Certes, les élections ont le plus souvent des résultats limités. Il nous a été démontré à tant d’occasions que l’alternance du pouvoir mène en fait à favoriser la même élite d’affaires qui parvient le plus souvent à obtenir ce qu’elle veut des gouvernements, peu importe leur allégeance. Cette complicité des gouvernements d’orientation libérale contribue à la popularité de discours d’extrême droite.
Les émeutes racistes et islamophobes en Grande-Bretagne de cet été illustrent bien les limites de la voie électorale pour barrer la route à l’extrême droite. Quelques semaines à peine après l’élection du Parti travailliste mené par le mièvre Keir Starmer, des regroupements haineux s’en sont pris violemment à des réfugié·es et des personnes musulmanes. C’est une imposante mobilisation citoyenne antifasciste qui a permis d’y mettre un frein.
Pour combattre le radicalisme de droite en politique, il semble donc clair que les partis de gauche sont les mieux placés pour répliquer, si on prend l’exemple de la France et des États-Unis. Les politiques néolibérales ne sont plus envisageables ; elles ont même pavé la voie à l’extrême droite.

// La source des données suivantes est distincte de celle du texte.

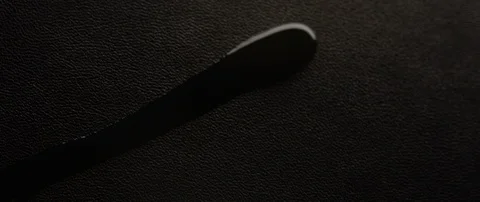 A drop of water flows over the black leather Stock Footage 106010797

Au Canada, les succès des conservateurs sont moins dus à l’attraction de leurs idées, qui n’ont pas encore été vraiment soumises au débat public, qu’à une réelle lassitude de la population après neuf ans de gouvernement Trudeau. Le discours démagogique de Pierre Poilievre se nourrit pleinement de cette situation et annonce des reculs majeurs dans de nombreux secteurs et pour plusieurs segments de la population.
Malgré les particularités de notre situation politique et les importantes difficultés que nous aurons à surmonter, l’exemple de la résistance à l’extrême droite en contexte électoral, en France, aux États-Unis, en Grande-Bretagne, mais aussi au Brésil et en Pologne, entre autres, devrait nous inspirer pour éviter le pire. Nous avons encore un an pour nous préparer. Souhaitons que les mouvements de gauche canadiens sauront s’organiser et se mobiliser sur des bases unitaires, combattives, rassembleuses et inspirantes.